We begin, as always, in the Bulltron, where this year's top seeds come from disparate backgrounds. The top contender, Cherries Waffles Tennis, is a young woman from Florida. The two-seed, Fra Pierbattista Pizzaballa, is a high-ranking member of the Franciscan order. It's Catholics vs. Convicts part two.
Cherries was arrested in 2014 for "allegedly making fraudulent purchases at surf shops in Jupiter, Florida," according to The Huffington Post. Her plural noun-heavy handle is hard to believe, which will lead many skeptics to wonder if Cherries Waffles Tennis is indeed her birth name. We think so. At the time of her arrest, Cherries was 19, just one year above the minimum age at which Americans can apply for a name change. If Cherries did adopt her unique moniker under her own volition, she did not waste any time, and if that is the case, we can only assume she told the judge the first three words that popped into her head, just to get the process over with as quickly as possible.

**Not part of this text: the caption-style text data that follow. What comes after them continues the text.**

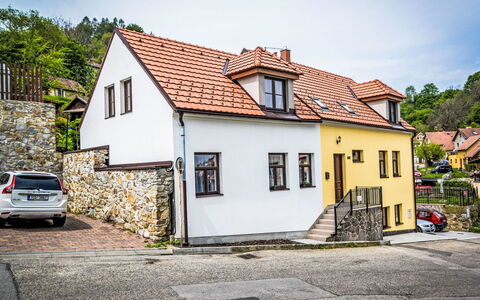 Cesky Krumlov 102: Gebouw, Muur, Venster, Huis, Huis, Dak, Architectuur, Woongebied, Facade, Verblijf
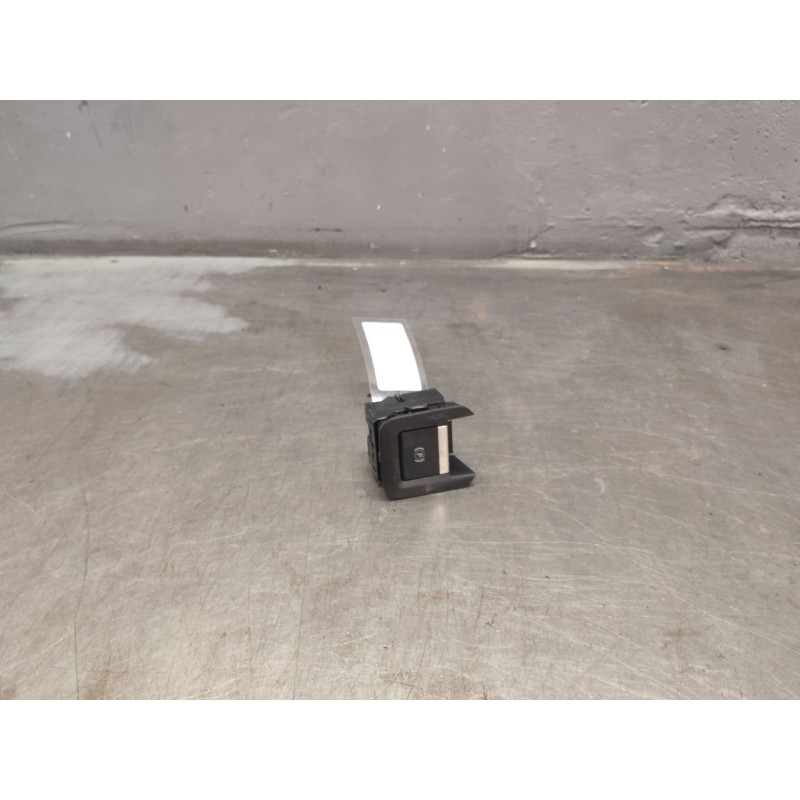 Recambio de freno de mano electrico para opel combo furgón/monospace (k9) 1.5 d referencia OEM IAM 9316146377  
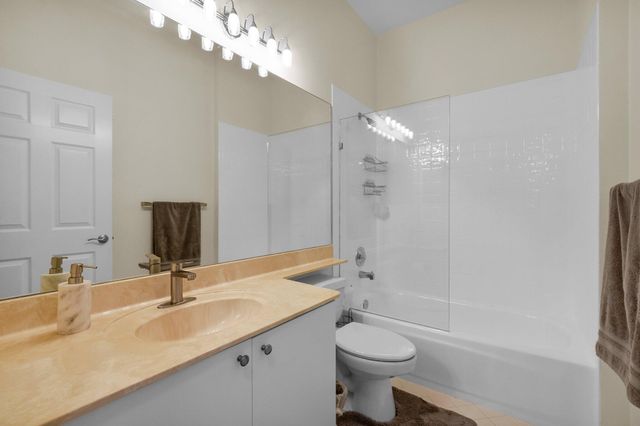 10393 Lexington Circle S, Boynton Beach, FL 33436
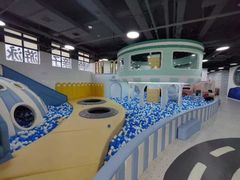 -蓝鲸奇亲子游泳俱乐部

Father Pizzaballa, on the other hand, is one of several Italian Pizzaballas. As the Custodian of the Holy Land, he is the Franciscan order's primary representative in the Middle East. Among other duties, he is responsible for supporting Christian residents within the Holy Land and overseeing the many Christian shrines in the area. If you need further evidence of the power of Father Pizzaballa's position, consider his boss: Pope Francis himself.
These two figures, separated by more than just an ocean, will surely never meet in person. In the Bulltron, though, they are gearing up for a monster showdown. In this way, NOTY is the great equalizer. It does not matter if you are an alleged criminal or an esteemed man of God. In the Arena of Name, all are welcome.
That statement also applies to the other 14 names in the Bulltron, and both Cherries and Father Pizzaballa will be tested right from the opening bell. It's up to you to decide: Will chalk rain supreme, leading to a much-hyped culinary matchup in the Elite Eight? Or will upsets derail our precious seeding? The first eight matchups of the 2015 Name of the Year tournament await your votes.
BULLTRON REGIONAL
#1 Cherries Waffles Tennis, aforementioned Florida woman, vs. #16 Dent McSkimming, the only American sportswriter to attend the 1950 World Cup.
#8 Pleasant Crump, the last verified veteran of the American Civil War, vs. #9 Sunshine Crump, an Arkansas reporter who resigned after conflict with the local police chief.
#5 Omar Hurricane, a physicist who researches nuclear fusion, vs. #12 Kermit Carolina, a high school principal in Connecticut.
#4 Forrestina Calf Boss Ribs, a Montana politician who goes by "Frosty," vs. #13 Charity Sunshine Tillemann-Dick, a singer, a TED talker, and the recipient of a double lung transplant.
#6 I Made Mangku Pastika, the Governor of Bali, vs. #11 Andromeda Dunker, voiceover narrator for House Hunters.
#3 Understanding Bush, of Brooklyn, vs. #14 Blundy Vildor, a football player who went to MidAmerica Nazarene University in Olathe, Kansas.
#7 Swindly Lint, a baseball player, vs. #10 Tacko Fall, a 7'6" high school basketball standout.
#2 Rev. Pierbattista Pizzaballa, the Custodian of the Holy Land, vs. #15 Lourawls Nairn, Jr., a Michigan State basketball player who goes by the nickname "Tum Tum."